Friday, May 25, 2018
Business

Retail sales fell in March, second straight monthly drop

WASHINGTON — Americans pulled back on their spending at auto dealers and restaurants in March, causing retail sales to drop despite signs of a healthy job market.

Retail sales fell a seasonally adjusted 0.2 percent, the Commerce Department said Friday, after a revised 0.3 percent drop in February. But over the past 12 months, retail sales have risen 5.2 percent, a sign that that the economy remains on stable footing.

Related coverage: Retailers continue to struggle with no saving grace in sight

Still, there are signs that consumers are growing more cautious even though the unemployment rate declined in March to a low 4.5 percent. Steady job growth as the recovery from the Great Recession nears its eighth year and a bump in consumer sentiment following President Donald Trump's presidential election have yet to strengthen spending much.

Richard Moody, chief economist at Regions Financial, said the decline might reflect a natural retreat after strong consumer spending in the final three months of last year.

The improving job market and rising household net worth should keep the economy in solid shape, he suggested.

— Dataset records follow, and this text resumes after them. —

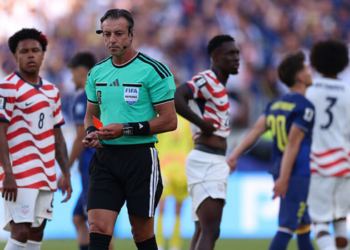 A CBF saiu em defesa do árbitro Raphael Claus após críticas de Donald Trump sobre a expulsão de Folarin Balogun na Copa do Mundo de 2026.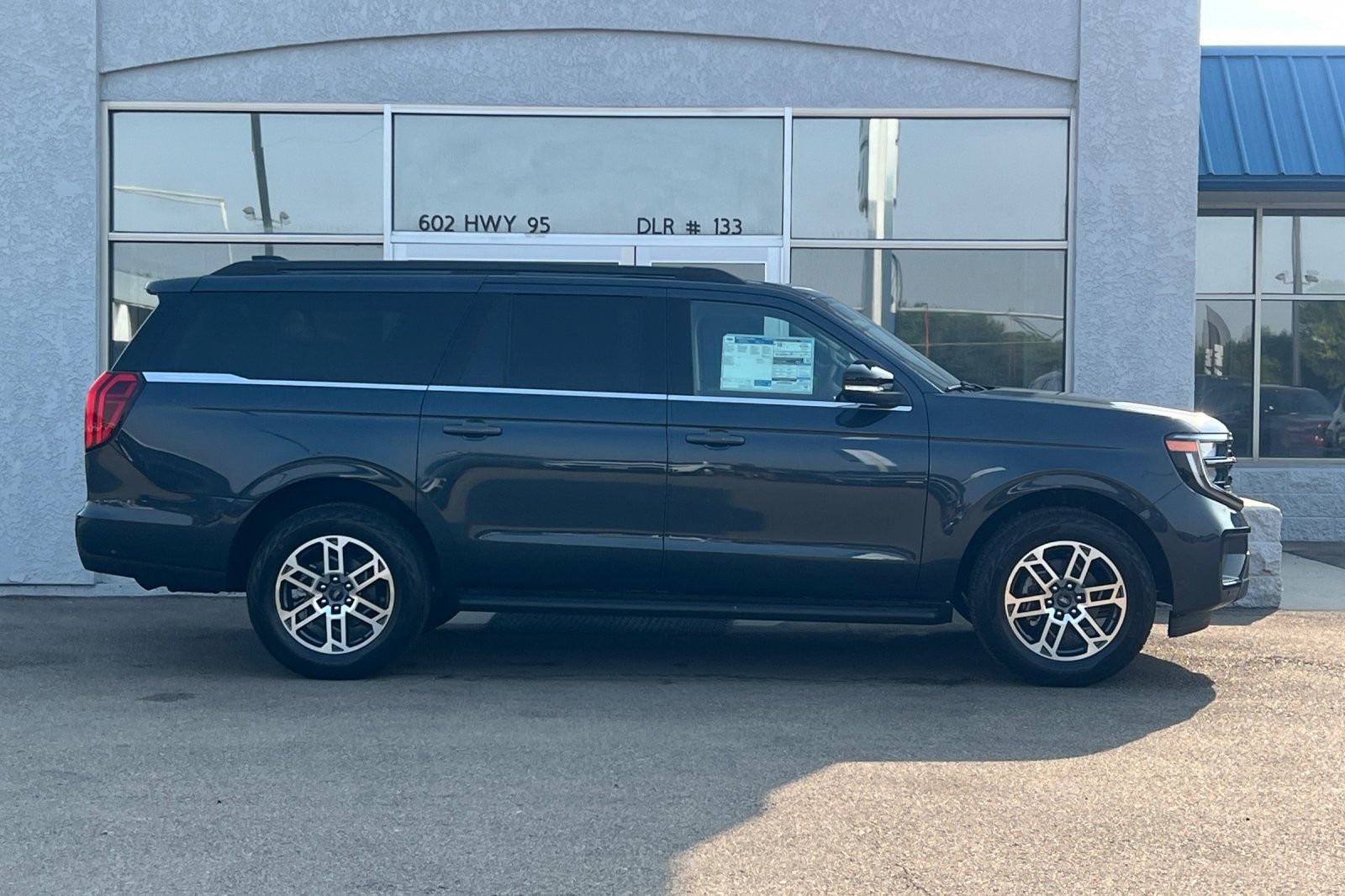 New 2025 Ford Expedition Max Active image 3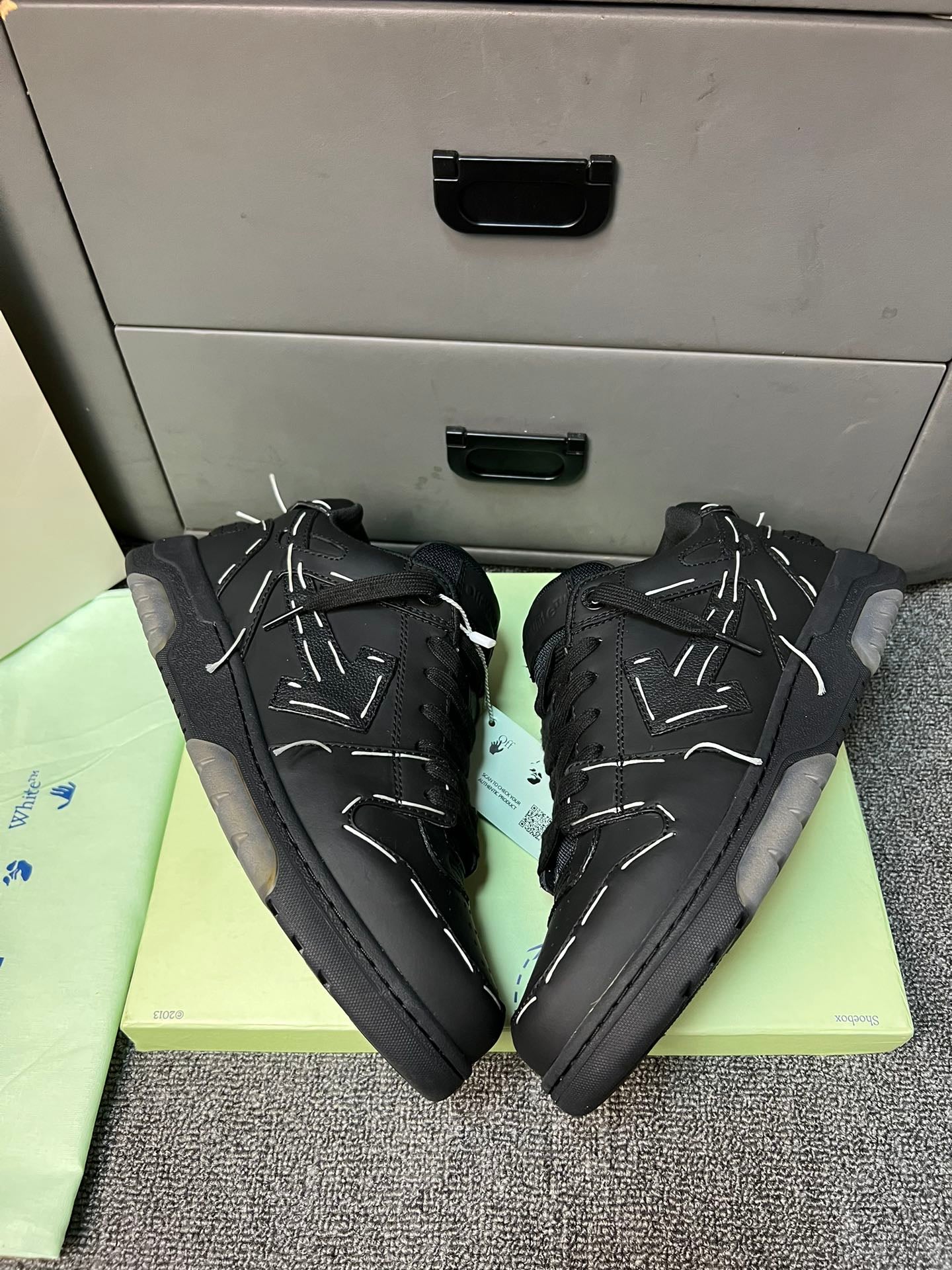 Off-White Out Of Office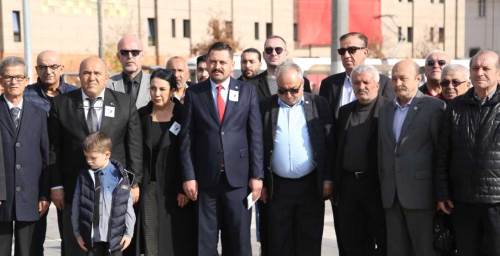 Eskişehir'de İYİ Parti Atatürk Anıtı’na çelenk bıraktı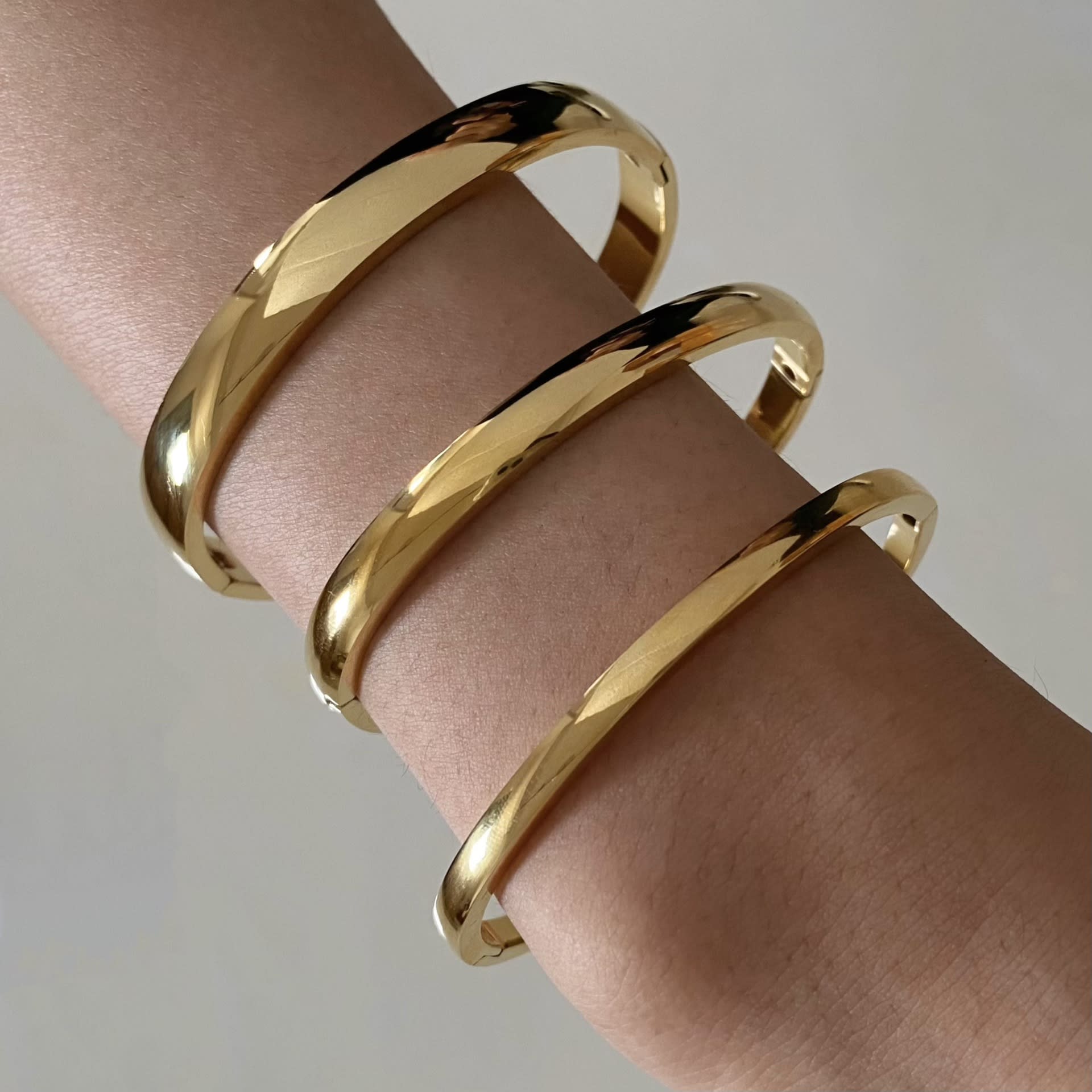 Retro Minimalistic Buckle Simple Bracelet Gold Bracelet view 4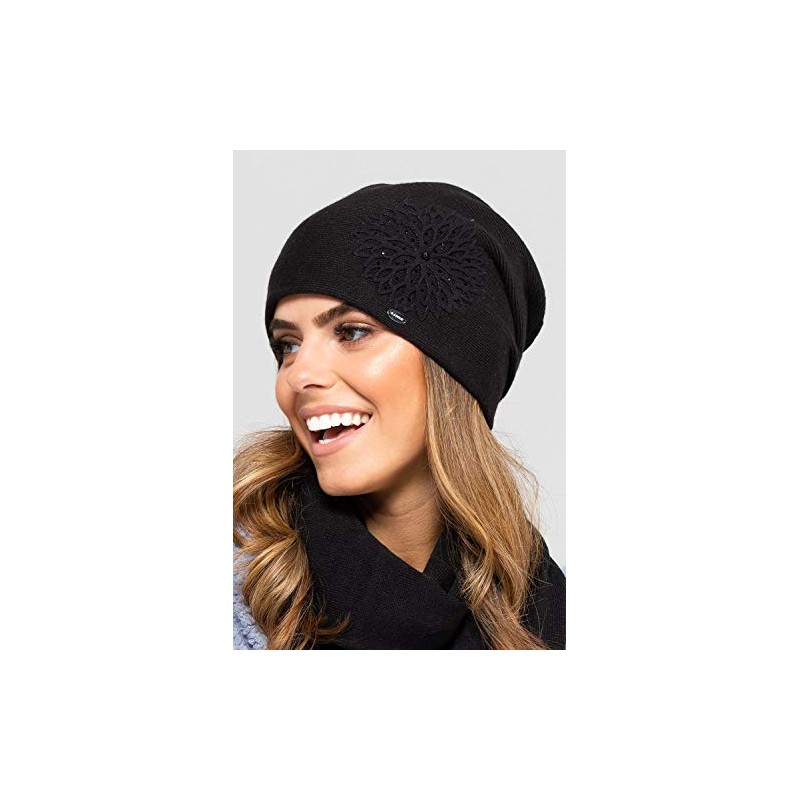 Kamea Saragossa Knitted Hat Women's Headwear Winter Patternless Thick Flower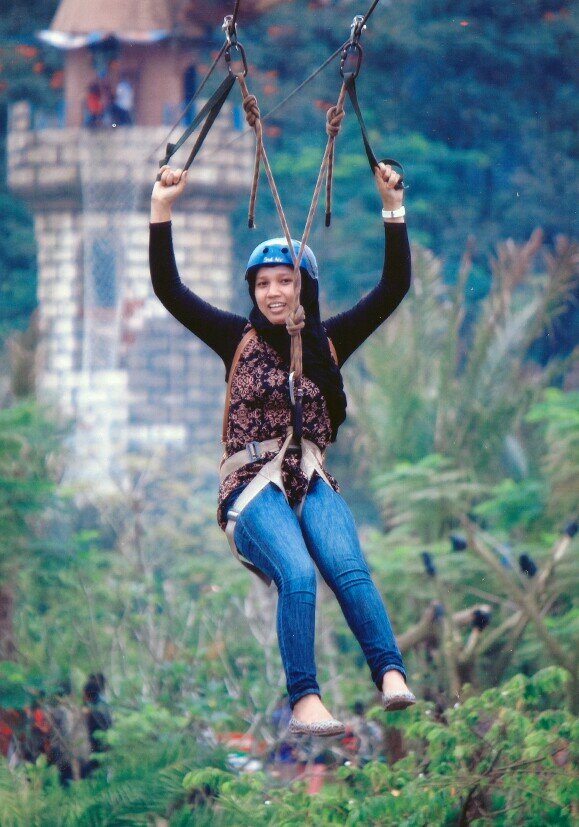 AstutiMunawaroh's profile picture. Asep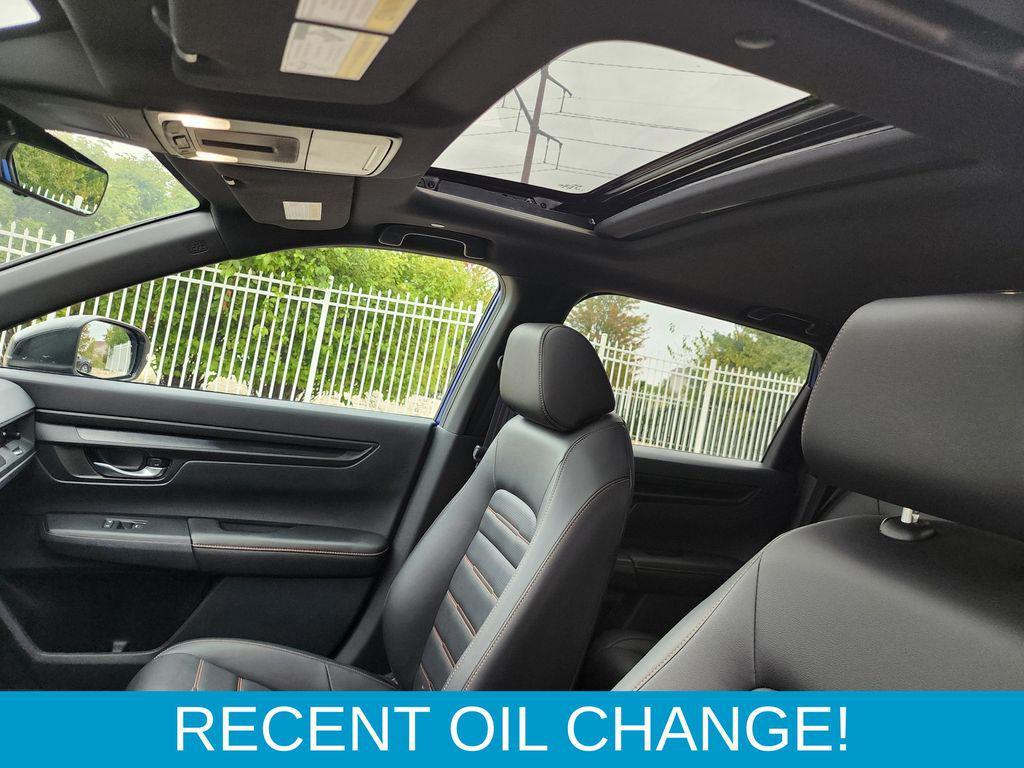 used 2025 Honda CR-V Hybrid car, priced at $39,000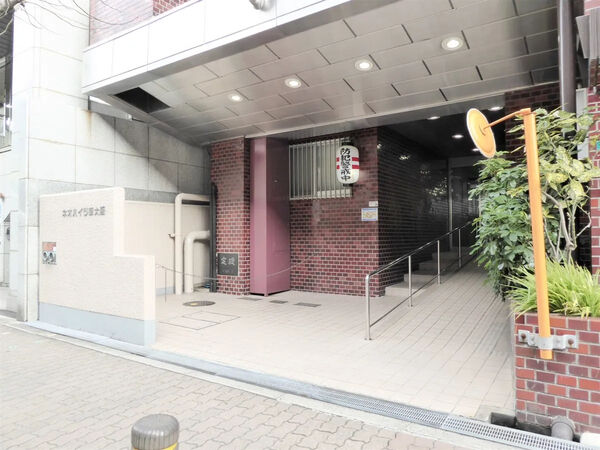 【ネオハイツ新大阪】エントラン1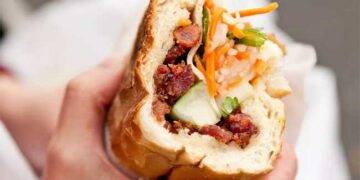 പൊതുപരിപാടിയിൽ വിതരണം ചെയ്ത ചിക്കൻ സാൻവിച്ച് കഴിച്ച 44 പേർക്ക് ഭക്ഷ്യവിഷബാധ, ബാക്കി വന്ന ഭക്ഷണം വൊളന്റിയർമാരായ വിദ്യാർഥികൾക്കും നൽകി!! ആസുപത്രിയിൽ പ്രവേശിപ്പിച്ചവരിൽ കൂടുതലും വിദ്യാർഥികൾ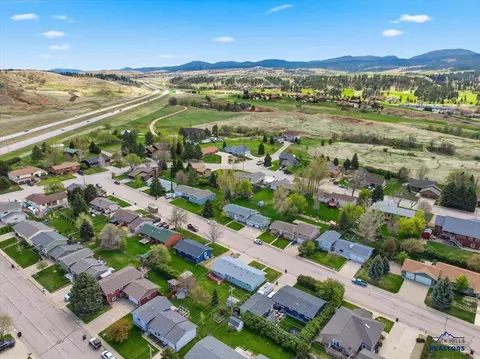 812 E Grant, Spearfish, SD 57783 photo 27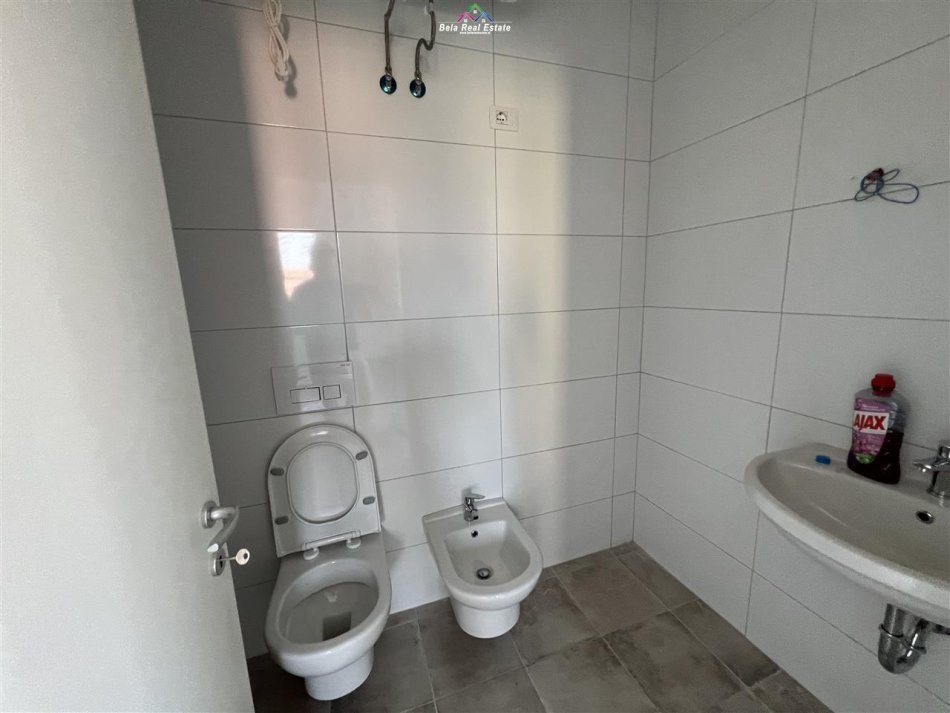 Tirane, jepet me qera apartament 2+1 Kati 1, 110 m² 700 € (Asim vokshi)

"None of those things point to a structural slowdown in consumer spending," Moody said.

Ian Shepherdson, an economist at Pantheon Macroeconomics, cautioned, though, that the retail sales figures are "impossible to square with the stratospheric levels of consumer confidence."

The divergence suggests either an acceleration in retail sales later this year or a decline in consumer confidence.

"We expect a bit of both," Shepherdson said.

Since the start of 2017, Americans have cut back on purchases at auto dealers and restaurants and bars, two major sources of sales gains in prior years. Sales tumbled 1.5 percent last month at auto dealers and 0.6 percent at restaurants and bars. It was the second straight monthly drop in sales for both categories.

Spending at building materials stores also fell in March. And sales were lower at gasoline stations, though that likely reflected lower energy prices rather than waning enthusiasm from consumers.

Some of last month's pullback in retail sales was offset by rising purchases at department stores, clothiers and electronics outlets. Still, sales at those businesses have been sluggish over the past year.

One bright spot has been online retailers, which continue to thrive. Sales at non-store retailers improved 0.6 percent in March and have surged 11.9 percent during the last 12 months. More consumers are migrating away from physical stores to online outlets.